1. Cardiovascular Disease

Cardiovascular disease is the number 1 cause of death in the U.S., accounting for the loss of well over 700,000 lives per year. The American Heart Association considers obesity to be a major risk factor for cardiovascular disease. Studies have found that as levels of obesity increase so does the risk for cardiovascular disease and associated death.

Weight gain alters both the structure and function of the cardiovascular system. An enlargement (hypertrophy) of the major pumping chamber of the heart (the left ventricle) is common with obesity. The enlarged heart results from the extra workload imposed upon the heart by the increased needs of the larger body. Over time, this condition can lead to congestive heart failure which, if left unattended, can be fatal. Studies estimate that approximately 15% of individuals with morbid obesity are in congestive heart failure.

The enlarged heart can also cause irregular heartbeats or arrythymias. Irregular heartbeats, in turn, are a primary cause for sudden death. Individuals who are morbidly obese have a higher incidence of arrythymias and up to a 40-fold increased risk of sudden death. Sudden death, as well as congestive heart failure, also result from heart damage incurred by a blockage of the vessels that supply the heart with oxygen and nutrients, a condition known as coronary artery disease.

Coronary artery disease (CAD) claims over a half million lives annually.

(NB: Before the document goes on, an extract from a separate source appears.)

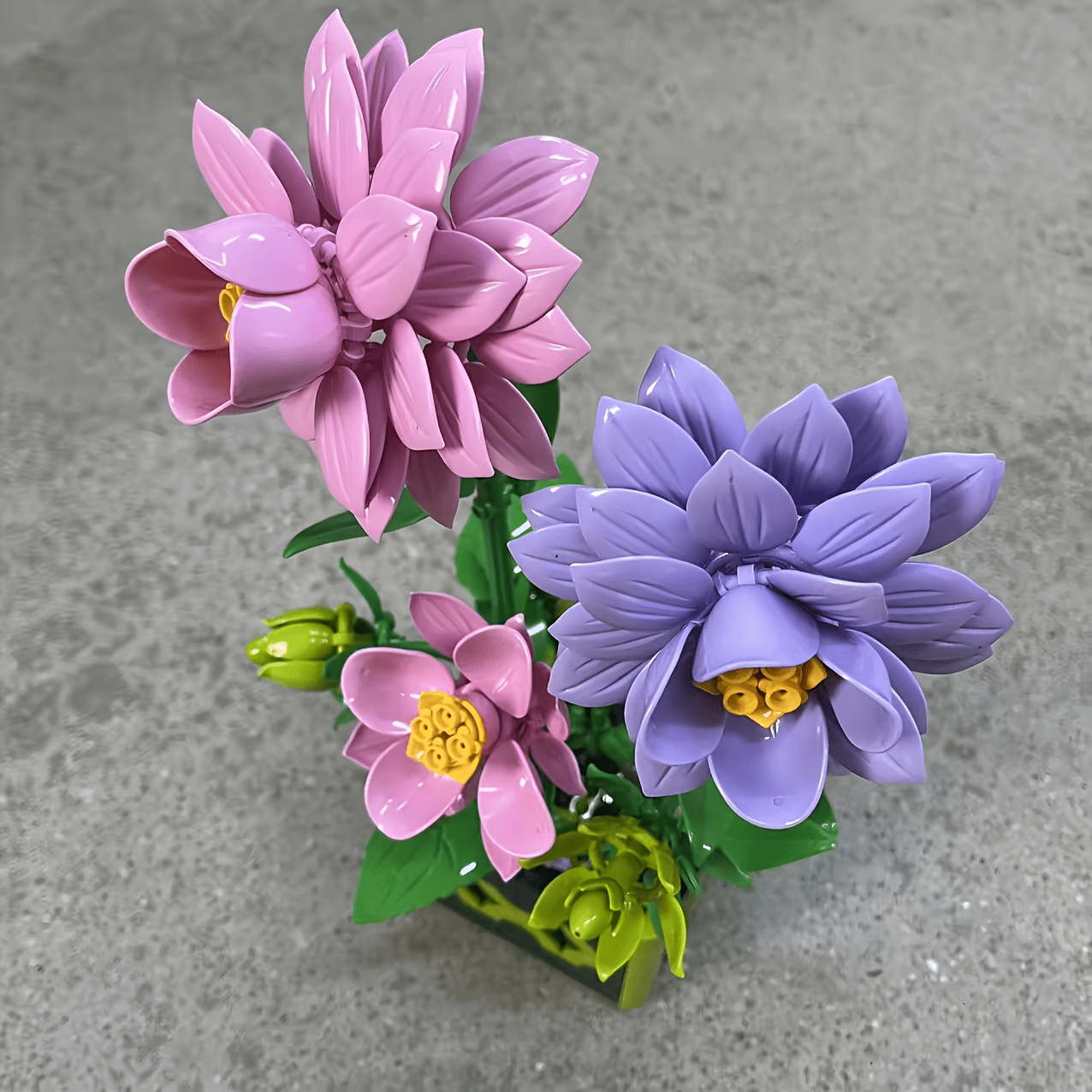 Creative Dahlia Potted Plant Building Block Set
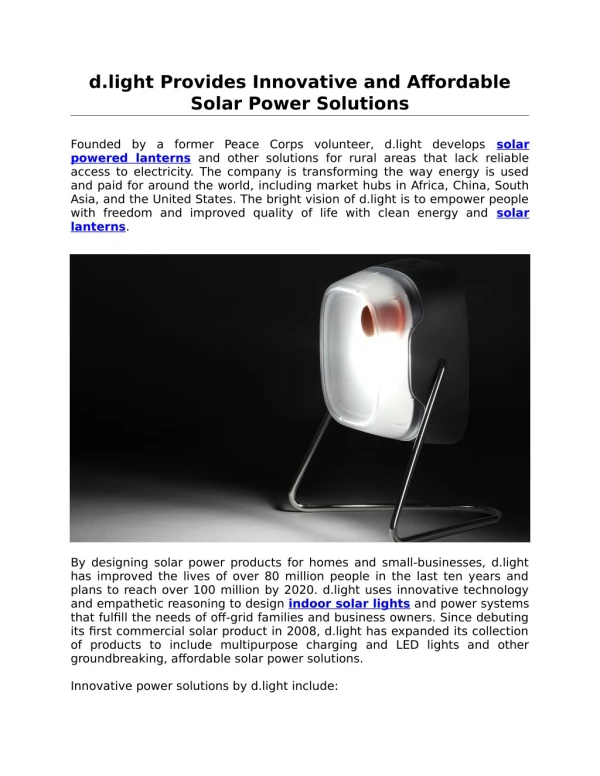 d.light Provides Innovative and Affordable Solar Power Solutions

The disease occurs when the coronary arteries (vessels) that supply blood to the heart become clogged by plaque formed in the arteries (atherosclerosis) or by a blood clot that occurs when the plaque is damaged (atherothrombosis). When this happens, the affected portion of the heart dies because it does not receive enough oxygen and nutrients from the blood. This may cause angina (pain or pressure in the chest), a heart attack, and death. Studies have found that obesity is not only an independent risk factor for CAD and associated mortality but also contributes significantly to the development of other major CAD determinants, i.e. hypertension, lipid abnormalities, chronic inflammation, oxidative stress, and diabetes.

Hypertension is a major risk factor for CAD and, in addition, is a cause for, and an effect of, structural and functional cardiovascular abnormalities responsible for cardiac failure or sudden death. Studies suggest that greater than 75% of hypertension may be attributable to obesity and that the risk for hypertension increases in proportion to body fatness. Some studies have reported that more than half of obese individuals are hypertensive.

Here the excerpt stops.